Take the listing below and print exactly the lines starting at the line containing "Bodie Ghost Town (5339)" and ending at the line containing "футболки для девочек,детская", both ends included, and no others.
** Opening Materials provided block **
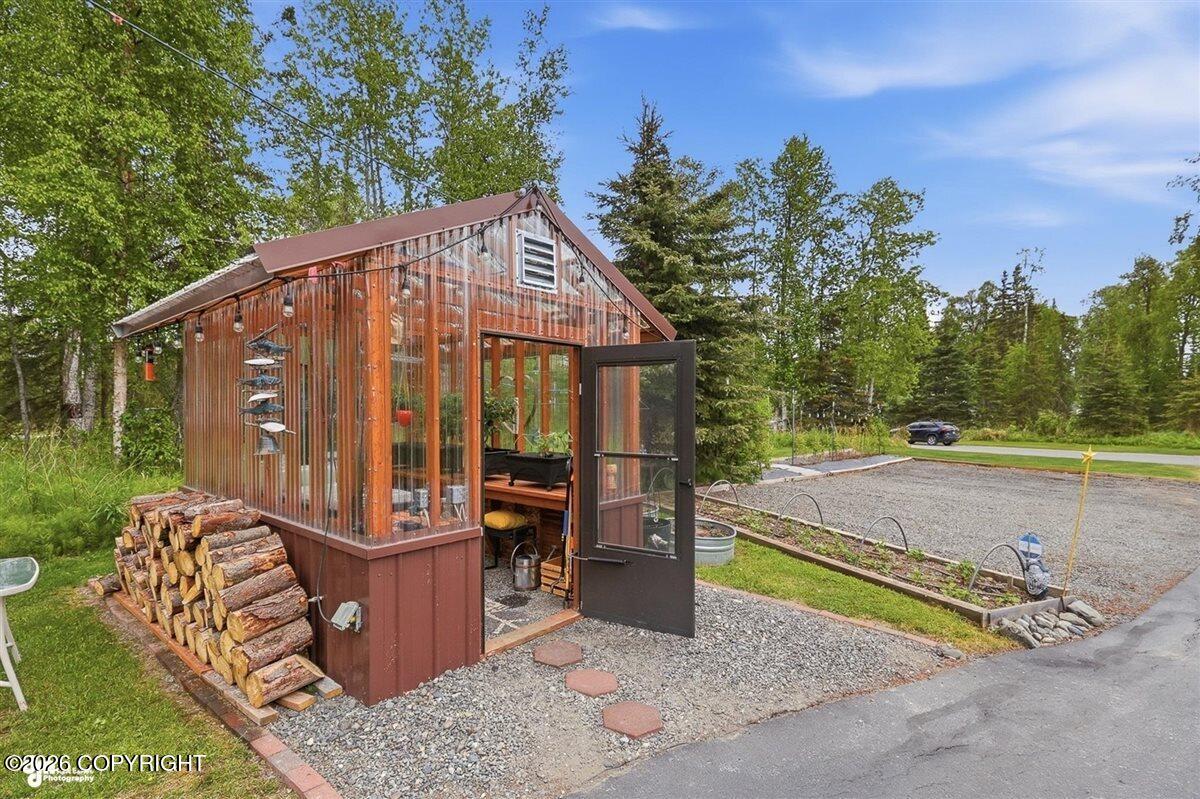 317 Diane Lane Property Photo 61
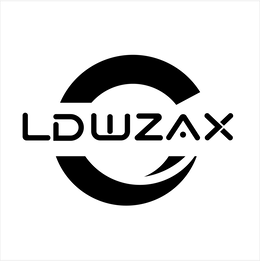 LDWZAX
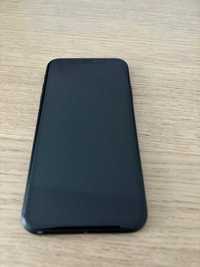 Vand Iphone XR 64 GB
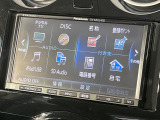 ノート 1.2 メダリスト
** Closing Materials provided block **
** Opening Materials provided block **
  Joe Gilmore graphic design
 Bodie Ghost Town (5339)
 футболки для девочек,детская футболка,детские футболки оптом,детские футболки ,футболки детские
** Closing Materials provided block **
*Problem solution*
 Bodie Ghost Town (5339)
 футболки для девочек,детская футболка,детские футболки оптом,детские футболки ,футболки детские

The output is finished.